> [Exercise objective]
While you copy the lines below, skip the pictures and keep the rest exact.

> [Information shown]
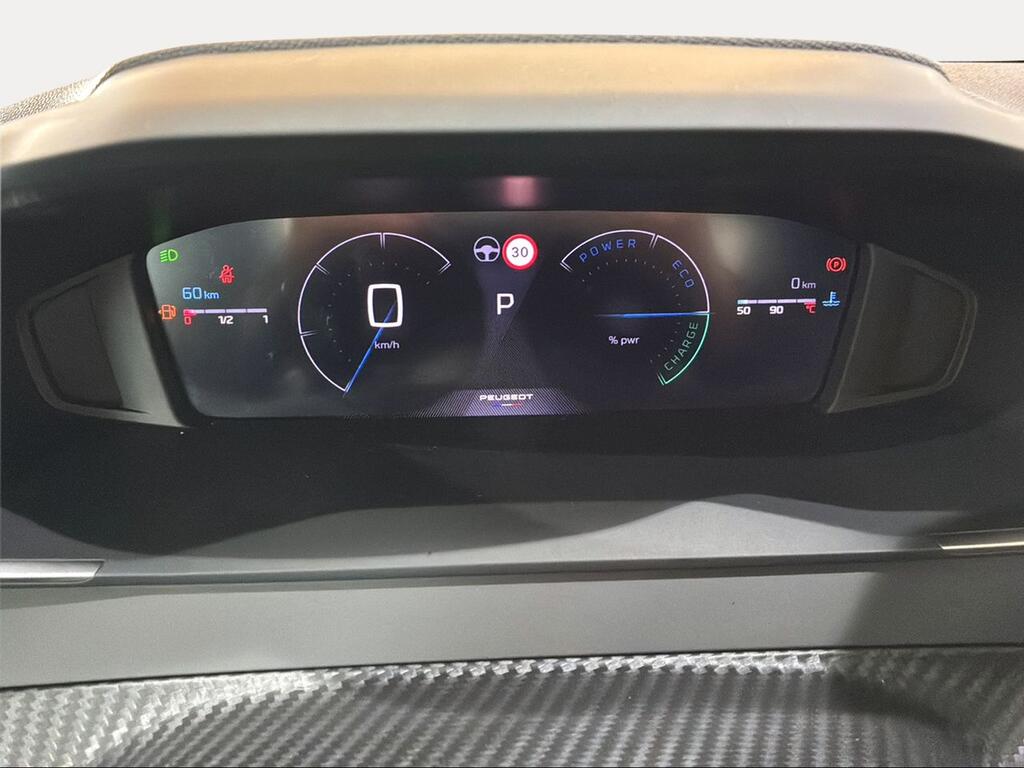 Peugeot 208 Allure HYBRID 110 eDCS6 - Foto 1602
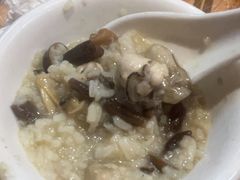 -官塘锋记鱼生·生腌·砂锅粥(牌坊街店)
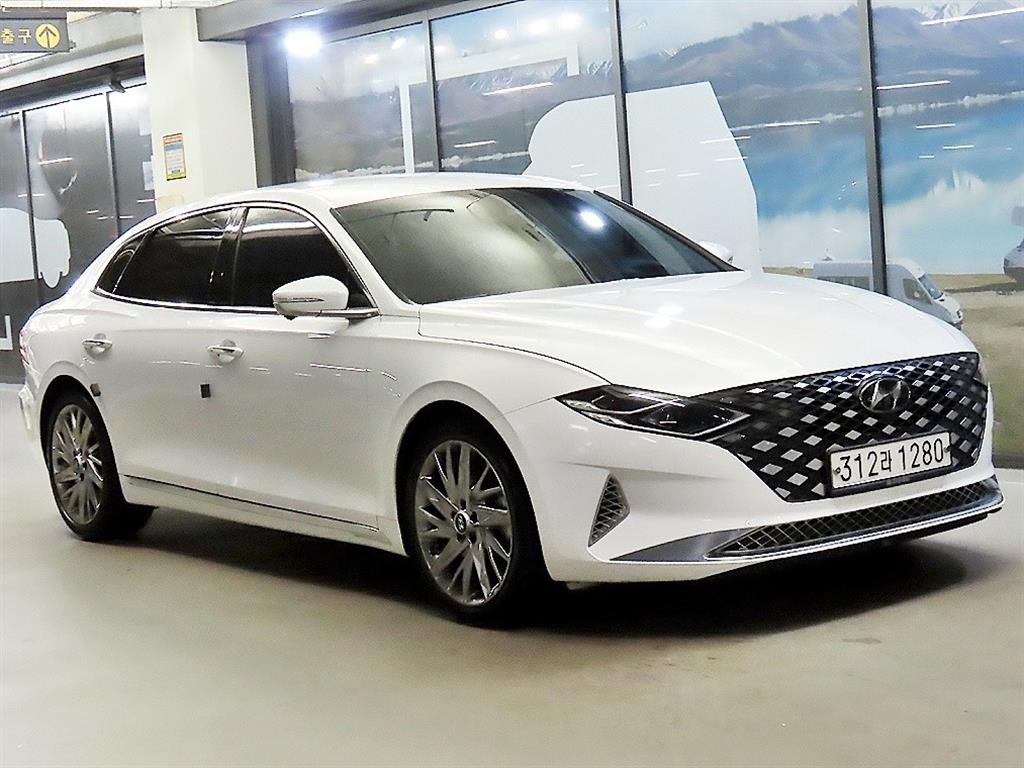Hyundai Грандер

> [Response]
 Peugeot 208 Allure HYBRID 110 eDCS6 - Foto 1602
 -官塘锋记鱼生·生腌·砂锅粥(牌坊街店)
Hyundai Грандер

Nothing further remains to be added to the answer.